BLACK EARTH (WKOW) — It’s a new normal for many people in the village of Black Earth, one month after record flooding damaged many homes and knocked out two bridges in town.
“August 21st we woke up to all the flooding. A little over a month,” said village administrator Shellie Benish.
With so many homes and businesses damaged, the community is now looking to the federal government for help.
“We’ve been waiting for them, hoping they would come into our community and do some assessments in hopes of getting some assistance for our homeowners,” Benish said.
Benish joined a crew from FEMA Tuesday as they inspected houses to determine if they are livable.
“They have seen several homes with major damage. You’ve seen that the one at the Center Street as well where the basement is collapsed,” she said.
“With houses, we’re looking at the scope of the damage. We’re looking at the amount of people that have been displaced, the foundation and stuff like that,” said Tiana Suber, media specialist with FEMA.

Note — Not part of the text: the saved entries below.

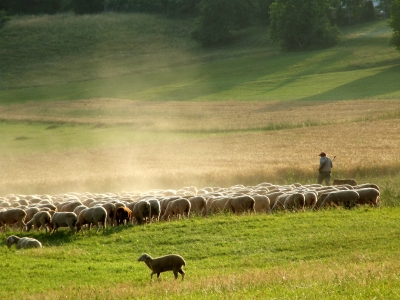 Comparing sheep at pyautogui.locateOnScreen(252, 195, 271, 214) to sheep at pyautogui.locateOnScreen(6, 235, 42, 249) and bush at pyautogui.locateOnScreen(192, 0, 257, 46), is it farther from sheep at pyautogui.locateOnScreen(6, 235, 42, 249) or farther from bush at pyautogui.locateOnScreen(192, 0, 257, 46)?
bush at pyautogui.locateOnScreen(192, 0, 257, 46)

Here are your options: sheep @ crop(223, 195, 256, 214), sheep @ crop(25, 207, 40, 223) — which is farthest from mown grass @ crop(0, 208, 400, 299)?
sheep @ crop(25, 207, 40, 223)

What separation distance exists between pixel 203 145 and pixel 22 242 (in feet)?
95.8

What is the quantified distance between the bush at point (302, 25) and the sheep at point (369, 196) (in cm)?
7783

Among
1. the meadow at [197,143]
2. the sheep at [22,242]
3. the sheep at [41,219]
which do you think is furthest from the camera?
the sheep at [41,219]

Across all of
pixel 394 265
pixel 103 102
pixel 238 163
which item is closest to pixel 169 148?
pixel 238 163

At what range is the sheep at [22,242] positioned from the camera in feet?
70.7

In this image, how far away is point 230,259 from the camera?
18844 mm

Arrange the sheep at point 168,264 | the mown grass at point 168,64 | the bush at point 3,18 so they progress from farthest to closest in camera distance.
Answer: the bush at point 3,18, the mown grass at point 168,64, the sheep at point 168,264

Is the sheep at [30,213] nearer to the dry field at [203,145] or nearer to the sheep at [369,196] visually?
the sheep at [369,196]

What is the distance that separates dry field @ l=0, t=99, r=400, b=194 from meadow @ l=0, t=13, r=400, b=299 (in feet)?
0.46

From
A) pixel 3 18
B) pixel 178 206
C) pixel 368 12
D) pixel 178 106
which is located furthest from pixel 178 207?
pixel 3 18

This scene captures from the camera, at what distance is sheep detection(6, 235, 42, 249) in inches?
848

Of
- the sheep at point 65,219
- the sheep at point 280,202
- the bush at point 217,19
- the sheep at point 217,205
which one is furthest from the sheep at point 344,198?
the bush at point 217,19

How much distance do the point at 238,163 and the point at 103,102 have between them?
3876cm
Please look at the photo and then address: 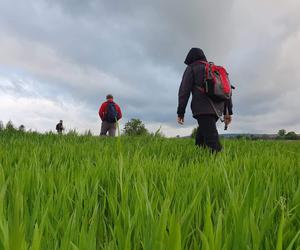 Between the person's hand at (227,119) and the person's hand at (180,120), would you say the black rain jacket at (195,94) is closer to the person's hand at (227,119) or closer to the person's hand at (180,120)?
the person's hand at (180,120)

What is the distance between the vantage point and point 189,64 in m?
6.21

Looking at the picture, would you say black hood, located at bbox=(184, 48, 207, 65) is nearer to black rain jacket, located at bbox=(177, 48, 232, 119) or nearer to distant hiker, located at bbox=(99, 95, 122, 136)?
black rain jacket, located at bbox=(177, 48, 232, 119)

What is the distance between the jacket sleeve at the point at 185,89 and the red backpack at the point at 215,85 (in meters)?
0.20

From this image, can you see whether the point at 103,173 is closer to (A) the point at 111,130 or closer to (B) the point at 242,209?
(B) the point at 242,209

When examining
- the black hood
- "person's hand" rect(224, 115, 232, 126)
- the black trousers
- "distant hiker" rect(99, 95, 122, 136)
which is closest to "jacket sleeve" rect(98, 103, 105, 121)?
"distant hiker" rect(99, 95, 122, 136)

It could take about two to three weeks for FEMA and the state to determine the livability of each house once all the data is collected. Once that’s done, they will send it to the governor. He will then send to the president, who will make a disaster declaration in order to receive relief funds.

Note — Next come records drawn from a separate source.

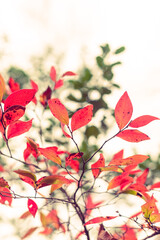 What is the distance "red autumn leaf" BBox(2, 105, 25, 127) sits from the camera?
19.2 inches

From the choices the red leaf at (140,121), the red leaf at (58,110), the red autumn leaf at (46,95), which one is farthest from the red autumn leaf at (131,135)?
the red autumn leaf at (46,95)

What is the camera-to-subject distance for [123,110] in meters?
0.51

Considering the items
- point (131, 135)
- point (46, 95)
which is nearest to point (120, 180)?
point (131, 135)

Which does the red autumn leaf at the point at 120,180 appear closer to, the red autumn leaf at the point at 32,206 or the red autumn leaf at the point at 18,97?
the red autumn leaf at the point at 32,206

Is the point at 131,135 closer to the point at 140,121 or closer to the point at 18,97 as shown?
the point at 140,121

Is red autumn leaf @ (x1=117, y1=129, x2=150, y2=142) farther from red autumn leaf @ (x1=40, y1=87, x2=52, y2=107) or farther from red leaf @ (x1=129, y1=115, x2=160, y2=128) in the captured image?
red autumn leaf @ (x1=40, y1=87, x2=52, y2=107)

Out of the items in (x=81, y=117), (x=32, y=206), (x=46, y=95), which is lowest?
(x=32, y=206)

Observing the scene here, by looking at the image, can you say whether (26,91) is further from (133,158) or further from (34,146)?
(133,158)

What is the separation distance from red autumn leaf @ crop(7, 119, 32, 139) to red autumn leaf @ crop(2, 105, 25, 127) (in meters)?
0.04

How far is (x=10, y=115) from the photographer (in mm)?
501

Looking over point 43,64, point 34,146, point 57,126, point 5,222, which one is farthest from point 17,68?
point 34,146

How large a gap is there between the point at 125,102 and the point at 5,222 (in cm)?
229

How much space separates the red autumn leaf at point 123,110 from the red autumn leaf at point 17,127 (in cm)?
20

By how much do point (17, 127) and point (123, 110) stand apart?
0.25m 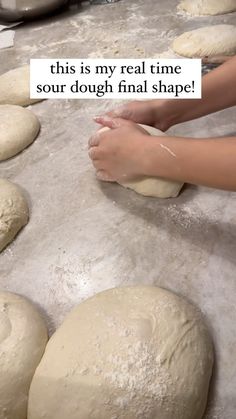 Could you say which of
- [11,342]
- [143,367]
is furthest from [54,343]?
[143,367]

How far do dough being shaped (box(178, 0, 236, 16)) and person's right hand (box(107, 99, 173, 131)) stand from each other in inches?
42.8

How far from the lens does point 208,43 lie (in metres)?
1.88

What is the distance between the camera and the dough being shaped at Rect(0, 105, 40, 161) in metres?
1.54

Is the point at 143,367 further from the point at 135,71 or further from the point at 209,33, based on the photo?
the point at 209,33

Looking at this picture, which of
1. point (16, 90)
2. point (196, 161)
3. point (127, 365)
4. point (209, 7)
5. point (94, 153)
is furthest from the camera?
point (209, 7)

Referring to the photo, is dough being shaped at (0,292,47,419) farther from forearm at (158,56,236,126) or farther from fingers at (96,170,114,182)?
forearm at (158,56,236,126)

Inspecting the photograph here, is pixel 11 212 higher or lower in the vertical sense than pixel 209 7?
lower

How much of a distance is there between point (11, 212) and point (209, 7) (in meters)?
1.64

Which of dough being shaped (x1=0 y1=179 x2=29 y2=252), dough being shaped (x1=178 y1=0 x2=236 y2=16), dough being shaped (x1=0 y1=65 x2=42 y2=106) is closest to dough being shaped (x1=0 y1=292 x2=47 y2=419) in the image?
dough being shaped (x1=0 y1=179 x2=29 y2=252)

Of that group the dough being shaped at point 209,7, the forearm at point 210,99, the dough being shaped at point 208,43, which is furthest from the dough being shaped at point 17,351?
the dough being shaped at point 209,7

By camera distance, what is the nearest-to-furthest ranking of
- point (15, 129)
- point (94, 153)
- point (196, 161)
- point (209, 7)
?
point (196, 161), point (94, 153), point (15, 129), point (209, 7)

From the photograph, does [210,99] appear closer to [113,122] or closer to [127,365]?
[113,122]

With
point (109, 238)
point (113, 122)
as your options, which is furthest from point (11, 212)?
point (113, 122)

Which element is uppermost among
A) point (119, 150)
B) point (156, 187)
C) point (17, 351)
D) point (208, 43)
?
point (208, 43) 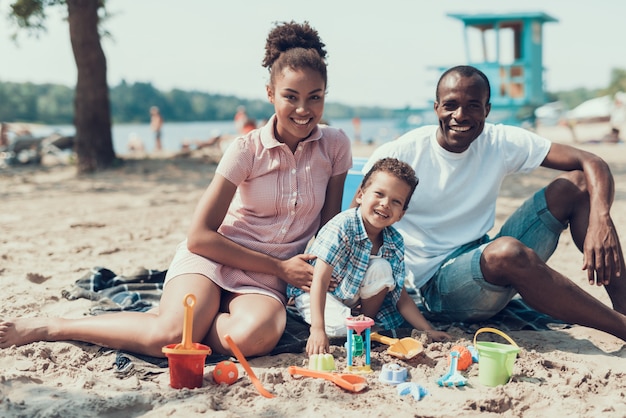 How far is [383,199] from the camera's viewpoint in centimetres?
290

“It’s a big major scope of information that we get. And if that happens to be the case and we get a declaration, then their able to apply for federal assistance,” Suber said.
Benish understands the presence of FEMA is not a cure all by any means, but said they give the community a sense of hope.
“There’s a lot of history that went away with these flood waters and people’s personal belongings that can’t be replaced. FEMA may be able to come and help start rebuilding the community in that way. but it’s not going to replace those personal memories that were lost,” she said.
Benish says FEMA conducted residential inspections Tuesday. Wednesday, they will begin public infrastructure assessments. She said there were well over 140 homes and businesses damaged in the flooding.